Remember, OOP is all about deciding which classes are responsible for which parts of the end solution. As you program, consider which of these attributes/methods should be public, and which should be private. These questions may be helpful to ask yourself:

• Does another class need to be able to read this value? (If so, it could either be marked public or have an accessor)
• Does another class need to be able to modify this value? (If so, it could either be marked public or have a manipulator)

You can use the main method defined below as a starting point for testing:

   public static void main(String[] args) {
       Engine myEngine = new Engine(FuelType.ELECTRIC, 100.0);
       while (myEngine.go()) {
           System.out.println("Choo choo!");
       }
       System.out.println("Out of fuel.");
   }

Next, we'll set to work on the Car class. The Car class will need:

• an ArrayList where it will store the Passengers currently onboard, and an int for the Car's maximum capacity (since ArrayLists will expand as we add objects, we'll need to manually limit their size)
• a constructor, which takes in an initial value for the Car's maximum capacity and initializes an appropriately-sized ArrayList
• accessor-like methods public int getCapacity() and public int seatsRemaining() that return the maximum capacity and remaining seats, respectively
• addPassenger(Passenger p) and removePassenger(Passenger p) methods to add or remove a Passenger from the Car and return True if the operation was successful, and False otherwise. (Hint: don't forget to check that there are seats available if someone wants to board, and to confirm that the Passenger is actually onboard before trying to remove them! If you encounter a problem, you should return False.)
• and a final method printManifest() that prints out a list of all Passengers aboard the car (or "This car is EMPTY." if there is no one on board).

As before, consider which of these should be public and which should be private (potentially with accessors and/or manipulators).
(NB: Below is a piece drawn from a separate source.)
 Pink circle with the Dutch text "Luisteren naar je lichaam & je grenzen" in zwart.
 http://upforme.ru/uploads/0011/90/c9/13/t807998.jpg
Now that you've got a functional Car class, the Passenger class can be expanded to use the Car's methods to implement some of its own:

• boardCar(Car c) can call c.addPassenger(this) to board a given Car (Hint: this method should check the value that gets returned by c.addPassenger(...) in case the selected car is full.)
• getOffCar(Car c) can call c.removePassenger(this) to get off a given Car (Hint: this method should check the value that gets returned by c.removePassenger(...) in case the Passenger wasn't actually onboard.)

Now we're in the home stretch! To assemble your Train, you'll need (at minimum):

• an Engine
• an ArrayList to keep track of the Cars currently attached
• a constructor Train(FuelType fuelType, double fuelCapacity, int nCars, int passengerCapacity) which will initialize the Engine and Cars and store them
• a few accessors:
  • public Engine getEngine()
  • public Car getCar(int i) to return the ith car
  • public int getMaxCapacity() which will return the maximum total capacity across all Cars
  • public int seatsRemaining() which will return the number of remaining open seats across all Cars
• and finally, its own printManifest() that prints a roster of all Passengers onboard (Hint: ask your Cars to help!)